David R. Cheriton School of Computer Science, University of Waterloo, Waterloo, Ontario, Canada N2L 3G1.
Bioinformatics. 2013 Jul 15;29(14):1768-75. doi: 10.1093/bioinformatics/btt274. Epub 2013 May 10.
Label-free quantification is an important approach to identify biomarkers, as it measures the quantity change of peptides across different biological samples. One of the fundamental steps for label-free quantification is to match the peptide features that are detected in two datasets to each other. Although ad hoc software tools exist for the feature matching, the definition of a combinatorial model for this problem is still not available.

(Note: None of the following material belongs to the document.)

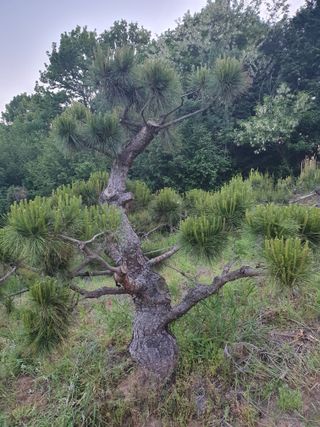 알 수 없음님의 자유주제 · 사진전 작성글 사진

A combinatorial model is proposed in this article. Each peptide feature contains a mass value and a retention time value, which are used to calculate a matching weight between a pair of features. The feature matching is to find the maximum-weighted matching between the two sets of features, after applying a to-be-computed time alignment function to all the retention time values of one set of the features. This is similar to the maximum matching problem in a bipartite graph. But we show that the requirement of time alignment makes the problem NP-hard. Practical algorithms are also provided. Experiments on real data show that the algorithm compares favorably with other existing methods.
Supplementary data are available at Bioinformatics online.
无标记定量是识别生物标志物的一种重要方法,因为它可以测量不同生物样本中肽的数量变化。无标记定量的基本步骤之一是将在两个数据集检测到的肽特征相互匹配。尽管存在用于特征匹配的特定于应用程序的软件工具,但该问题的组合模型的定义尚不可用。
本文提出了一种组合模型。每个肽特征都包含一个质量值和一个保留时间值,用于计算一对特征之间的匹配权重。特征匹配是在对一组特征的所有保留时间值应用待计算的时间对齐函数之后,找到两组特征之间的最大加权匹配。这类似于二分图中的最大匹配问题。但我们表明,时间对齐的要求使得该问题具有 NP 难。还提供了实用算法。在真实数据上的实验表明,该算法优于其他现有方法。
补充数据可在 Bioinformatics 在线获得。